Die Unmenschlichkeit, der Hass und die maßlose Dummheit, mit der der Zuschauer hier 105 Minuten lang konfrontiert wird, ist nur schwer zu ertragen. Am Anfang verlustiert sich ein Pulk weißer Männer am Kampf einer kleingewachsenen Schwarzen gegen einen riesenhaften, schwachsinnigen Mann, dem sie Geld dafür gegeben haben, die Frau zu überwältigen. Die vergewaltigte Nancy wird von der empörten Menge inklusive des Pfarrers aufgefordert, den Gottesdienst zu verlassen, da sie durch die Berührung eines Schwarzen „verunreinigt“ sei. Ihr Mann verlässt sie nach nur wenigen Tagen, weil er den Gedanken, ein Schwarzer habe sie angefasst, nicht mehr erträgt. Presseleute machen der Polizeibeamtin Trixie (Luciana Paluzzi), Bascoms Lebensgefährtin, ungehemmt eindeutige und ziemlich unflätige Angebote, die sie einfach so mit einem Lächeln hinnimmt. Und am allerschlimmsten: Als die Afroamerikanerin Loretta (Lola Falana) von Klanmitgliedern vergewaltigt wird, bringt Sheriff Bascomb – der Held des Films! – sie nur unter der Bedingung ins Krankenhaus, dass sie aussagt, sie sei von einem Schwarzen überfallen worden. Die deutsche Synchro macht alles nur noch schlimmer. Mit beinahe sadistischer Freude werden da immer neue rassistische und sexistische Verunglimpfungen erdacht und mit Inbrunst ausgespuckt. Man möchte sich nach der Betrachtung am liebsten von aller Schuld, die man auf sich genommen hat, reinwaschen. Es bleibt ein einziges Rätsel wie irgendjemand der an diesem Film Beteiligten meinen konnte, THE KLANSMAN sei eine gute Idee.

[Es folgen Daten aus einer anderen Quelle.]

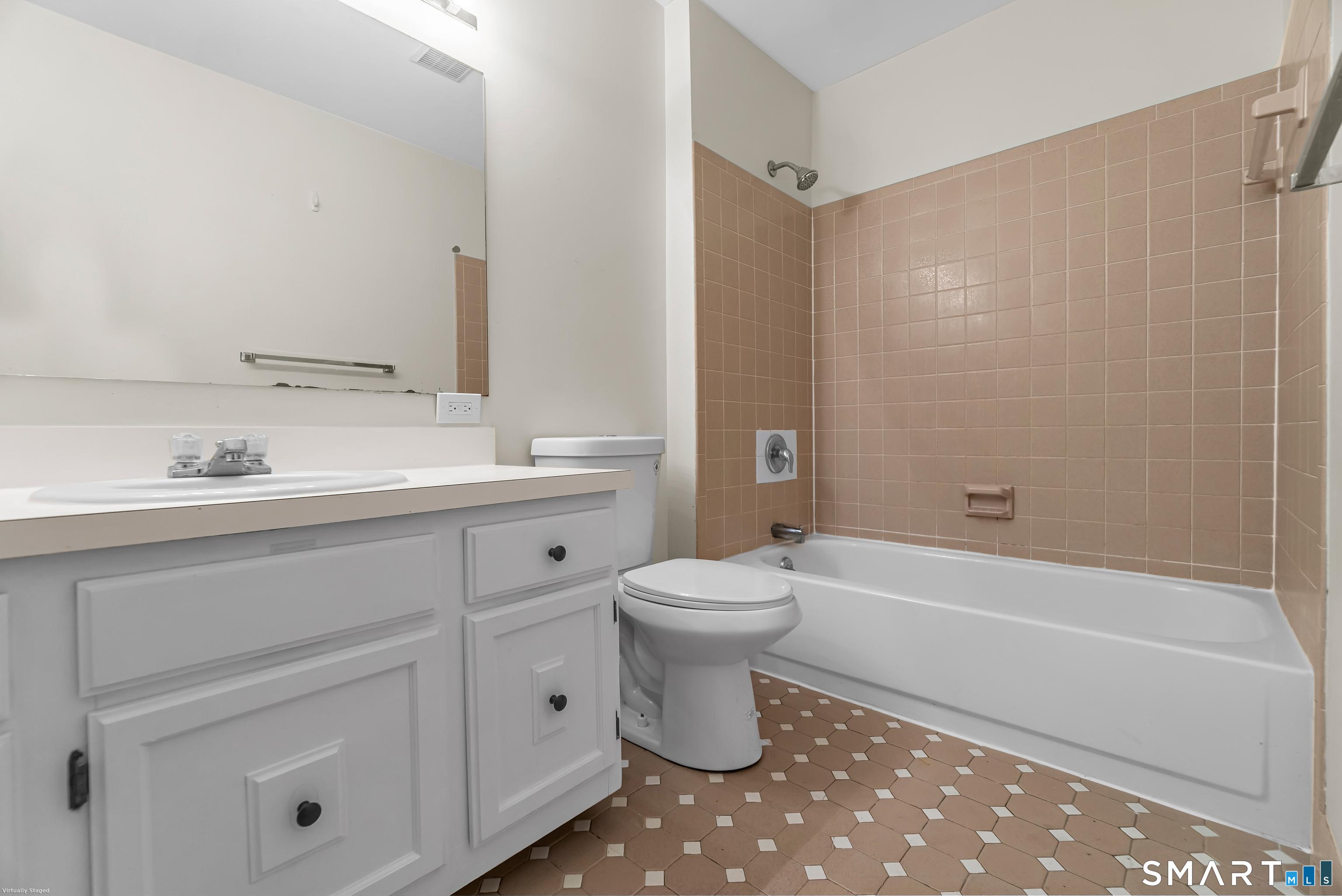 4023 Park Avenue, Unit 4023 Fairfield, CT 06825 - Photo 8 of 25 a bathroom with a sink a toilet and a bathtub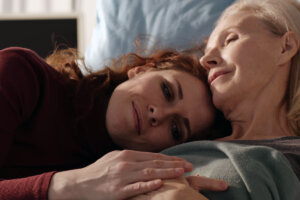 daughter caring for mother on bed
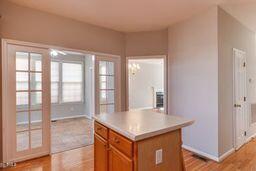 kitchen with brown cabinets, a center island, light wood-style floors, light countertops, and baseboards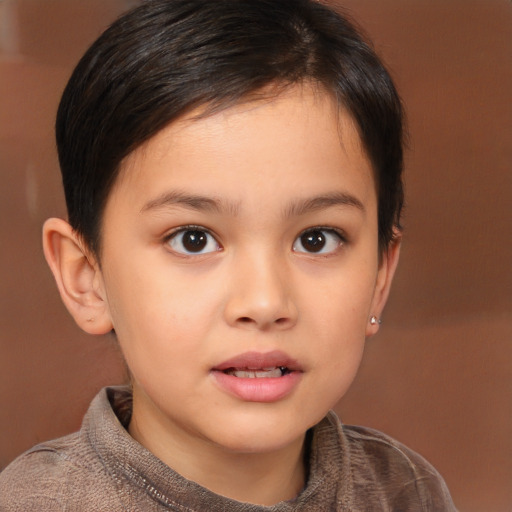 Joyful white child female with short  brown hair and brown eyes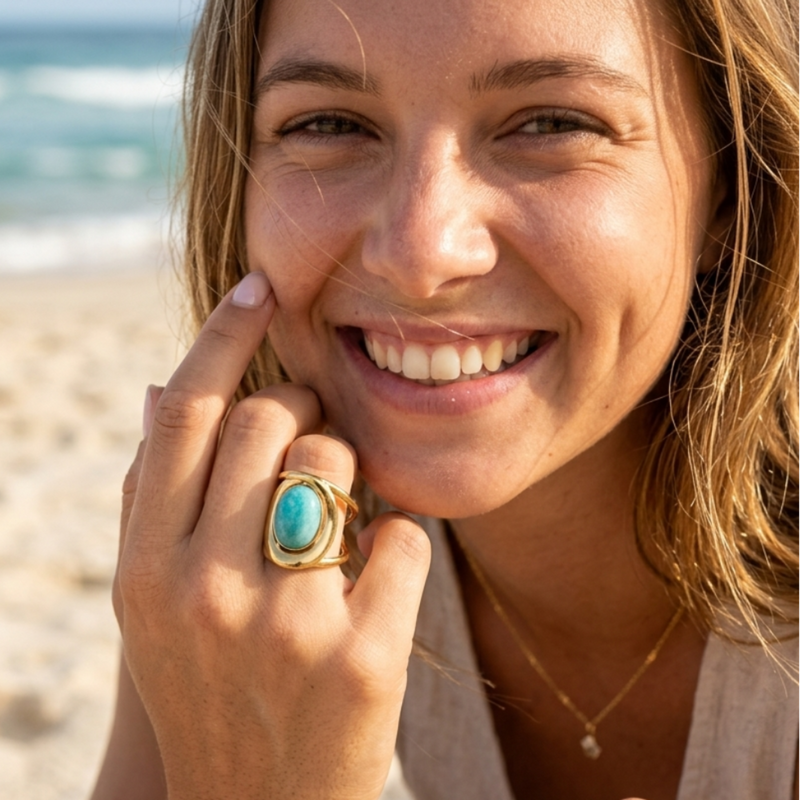 Woman on beach wearing waterproof gold ring with turquoise stone
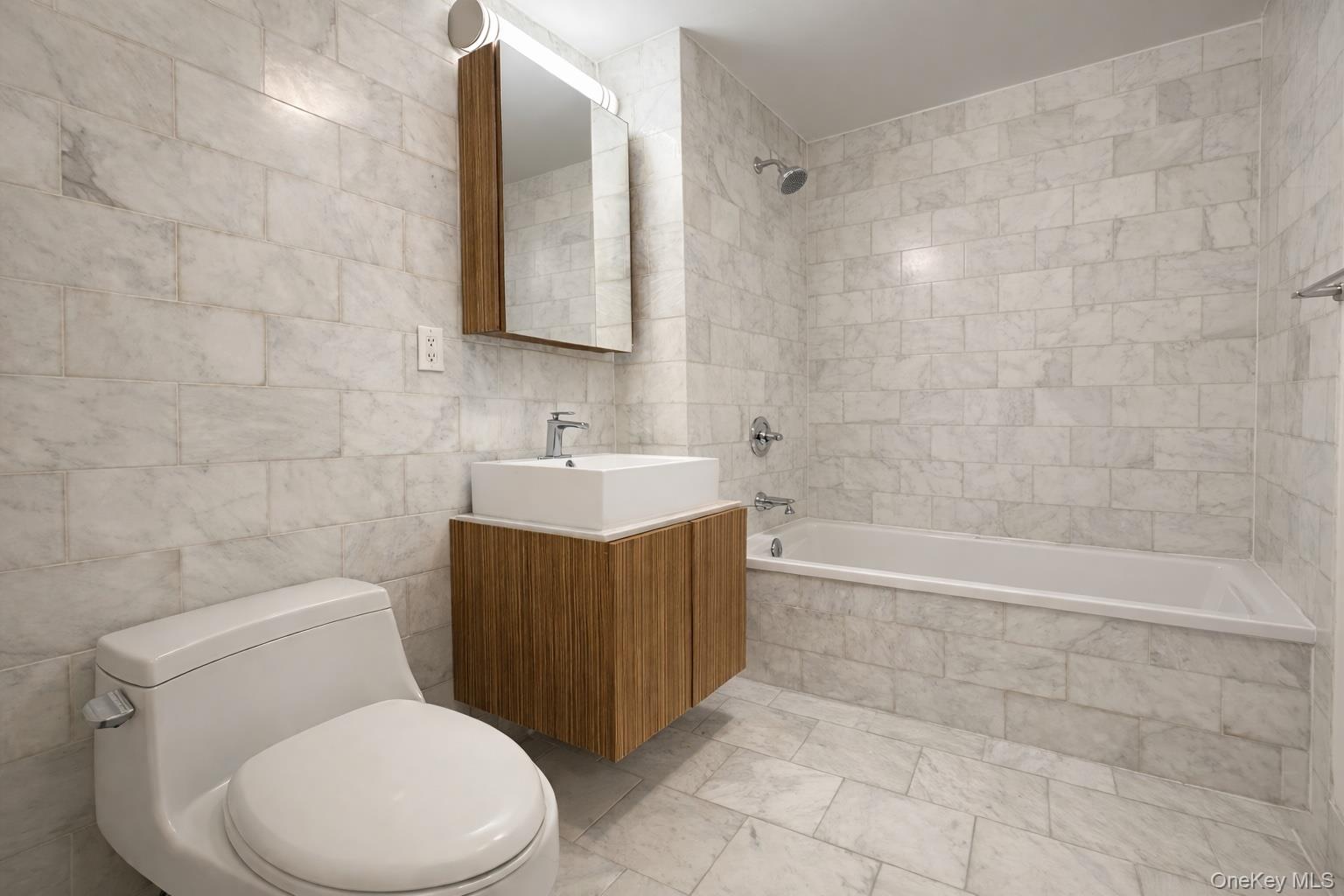 112-02 Northern Boulevard, Unit 2B Queens, NY 11368 - Photo 6 of 13 a bathroom with a toilet sink and mirror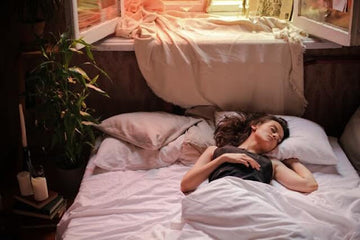 An image of a woman lying in bed and trying to cool down 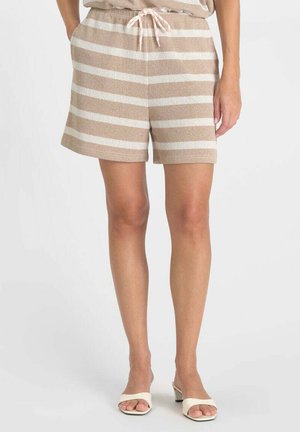 Pantaloncini a righe orizzontali beige e bianche in maglia con vita a coulisse indossati con sandali bianchi con tacco e punta aperta.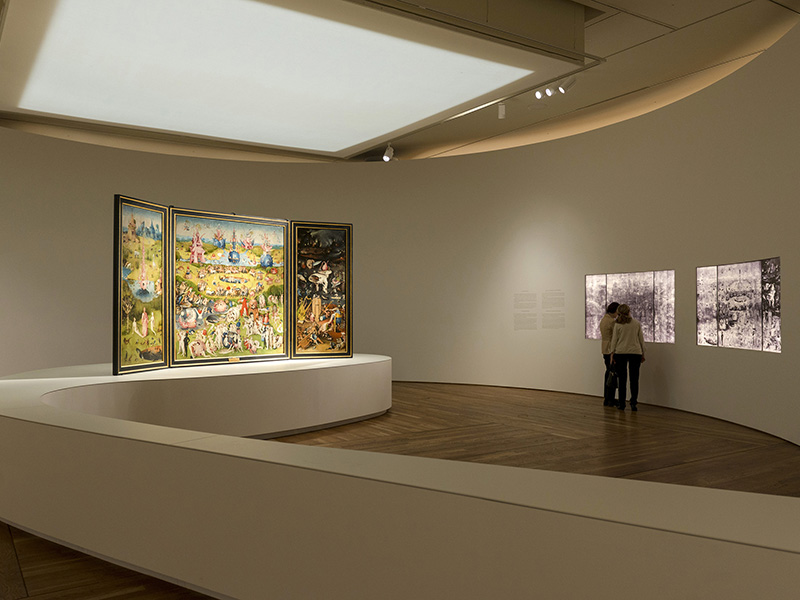 Installation view of "Bosch: The 5th Centenary Exhibition," with "The Garden of Earthly Delights" on the left and X-radiographs of the painting on the right, in the Museo Nacional de Prado in Madrid, Spain. Photo courtesy of Museo Nacional del Prado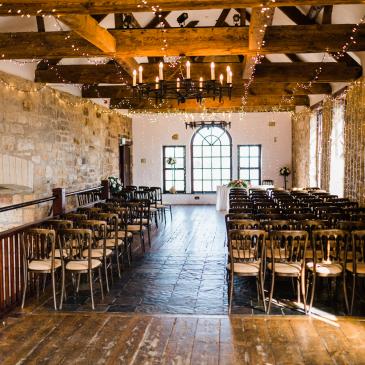 Indoor area with fairy lights and chairs lined up facing towards wedding ceremony.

Und dass mit William Alexander gar ein afroamerikanischer Geldgeber hinter dem Projekt stand, ist völlig unerklärlich
Richard Burton, der zu diesem Zeitpunkt seines Lebens täglich ca. drei Flaschen Wodka in sich hineinschüttete und kurz vor dem Exitus stand, war bei den Dreharbeiten in körperlich extrem schlechter Verfassung, erkrankte an Grippe und akuter Bronchitis, und musste überwiegend sitzend oder liegend gefilmt werden. Die Szene, in der er Cameron Mitchell verprügelt, war für ihn dann auch sichtlich schmerzhafter als für Mitchell. Nach seiner letzten Szene wurde der zunehmend stärker abbauende Waliser auf Geheiß von Regisseur Young sofort ins nächste Krankenhaus gebracht, wo es hieß, der Filmemacher habe ihm damit das Leben gerettet. Eine Anekdote besagt außerdem, dass Young seinen Make-up-Artist für dessen Job in Burtons Sterbeszene besonders gelobt habe. Dessen verdutzte Antwort war nur: „Ich habe doch gar nichts gemacht.“ Vielleicht hat sich Burton auch für THE KLANSMAN geschämt.